Types of people I try avoid…if possible

Photo Courtesy of Pete Whalon PEOPLE: There are certain personal qualities that sometimes dominate a person’s behavior and unfortunately irk Pete Whalon. He lists the four groups in this week’s edition.

I would estimate that about 95 percent of the people I’ve met over my lifetime I’ve truly liked, or at least had no problem with. Most folks are decent, honest, logical grounded adults who attempt to do the right thing most of the time. We all have flaws, but we are not usually defined by them. There are, however, certain personal qualities that sometimes dominate a person’s behavior and unfortunately irk the hell out of me. It doesn’t bother me if someone displays these traits occasionally, but when it’s a chronic problem I tend to avoid those individuals like the plague (or broccoli). In no particular order here are four groups of tedious humans I strive to evade.

The complainer, AKA nitpicker, protester, grumbler and critic: Nothing can sour my cheery mood quicker than the annoying, perpetual whiner. All subjects are on the table and wide open for criticism when conversing with these exasperating downers. They have a problem with everything, and God forbid if you attempt to put a happy face on their dark cloud. They have strong, negative issues with traffic, politicians, weather, movies, restaurants, kids, doctors, lawyers, Indian chiefs. I instinctively sense trouble when their conversation begins with, “So, whatdaya think about…” They could not care less about what you think because they are prepared to graphically explain to you what’s wrong with the world, one depressing subject at a time. Be grateful for what you have and stop complaining—it bores everyone else, does you no good, and doesn’t solve any problems, — Zig Ziglar

The hypochondriac, AKA neurotic, phobic, fixated and obsessed: These sad-sacks carry a DVD with them at all times revealing highlights of their last colonoscopy in HD. A group of friends could be discussing the upcoming baseball season, and in the blink of an eye the ever ailing, crybaby interrupts the flow by relating, in mind-numbing detail, the symptoms of their arthritic shoulder, sinus infection or digestive abnormalities. Every subject reminds them of a perceived (often non-existent) medical problem they have suffered from in the past or are struggling with presently.  And if you’ve got it, they’ve had it and will enthusiastically explain to you where it came from, what to do about it and which doctor to call because they’ve been to them all.
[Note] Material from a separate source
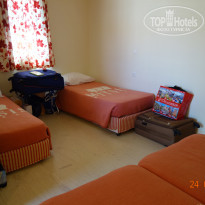 фото из отзыва ID 2022471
Of course, by definition, a hypochondriac is almost always a member of the complainer group above. Everyone thinks I’m a hypochondriac – it makes me sick.

The narcissist, AKA egoist, selfish, vain and self-absorbed: The world is their vanity mirror. What’s best for these conceited reptiles is their primary concern. In case you happen to be uninformed, they will, not so subtly, proudly remind you that they are smarter, better looking, classier, and cooler than you. Indignation is on full display when they are questioned or challenged. If you want to have a little fun, the next time a narcissist visits your house just hide all the mirrors. Typically, their conversation will be full of the “I” word unless it involves something negative or to do with blame, in which case the “I’s” will shift to “they.” How many narcissists does it take to change a light bulb? None, a narcissist will always manage to find someone else to carry out a menial chore like that.

The phony, AKA pretentious, insincere, deceptive and fake: Absolute truth has no place in their lives because it’s too boring for them. Almost every word that they speak is exaggerated, puffed up or a flat out lie. Often coming across as overly jubilant and disingenuous, they will spin tales of danger or adventure that appear almost impossible to believe. If you relate a story of surfing a ten-foot wave on your vacation in Hawaii, they will counter with having ridden a twenty-footer in Indonesia. Maybe you worked as the head chef of an upscale restaurant in Beverly Hills. Very nice, however, the charlatan owned a five-star eatery on the Wharf in San Francisco. Often narcissists and phonies meld as one. Fake people have an image to maintain while real people just don’t give a damn.

As you may have noticed, the four examples above demonstrate similar personality defects and often cross over into each other’s realm. These character imperfections display many commonalities and frankly prove exhausting to deal with on a regular basis. Of course their degree of irritation varies from person to person; however, from my experience these individuals either don’t realize or don’t care about the way they present themselves to others.  And may I offer my sympathies if you have to put up with one of the tiresome patterns above with a boss, family member or close friend.